Task description: Reproduce the listing exactly, with no pictures in your copy.

The data:

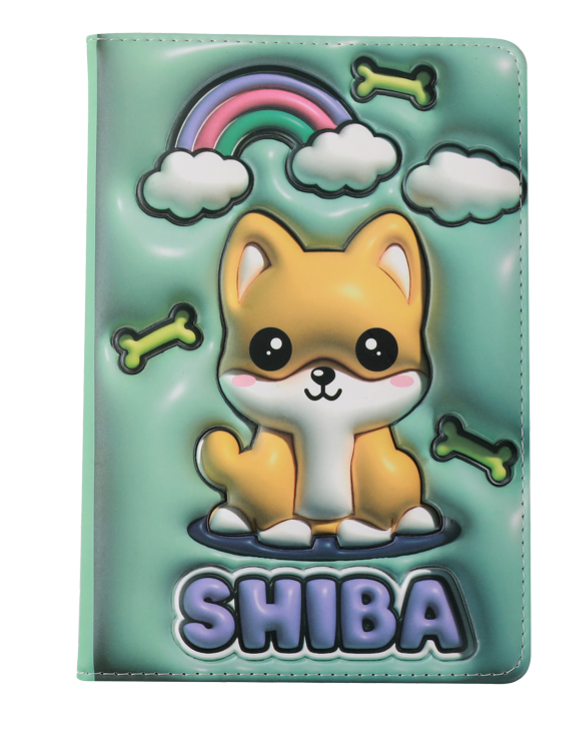 Notebook A5 SHIBA 3D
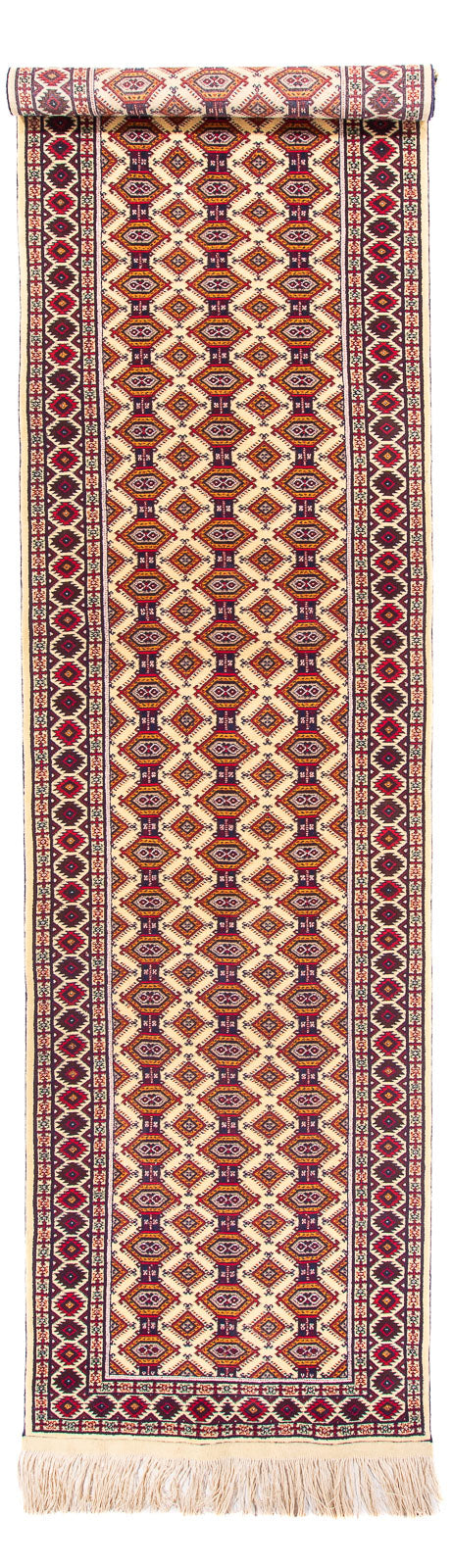 Läufer Afghan - 390 x 90 cm - beige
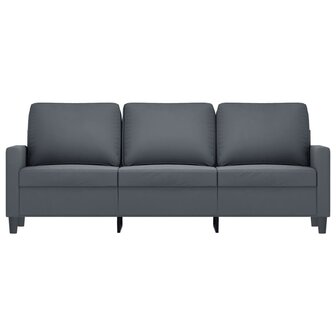 Driezitsbank 180 cm fluweel donkergrijs 3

Result:
 Notebook A5 SHIBA 3D
 Läufer Afghan - 390 x 90 cm - beige
 Driezitsbank 180 cm fluweel donkergrijs 3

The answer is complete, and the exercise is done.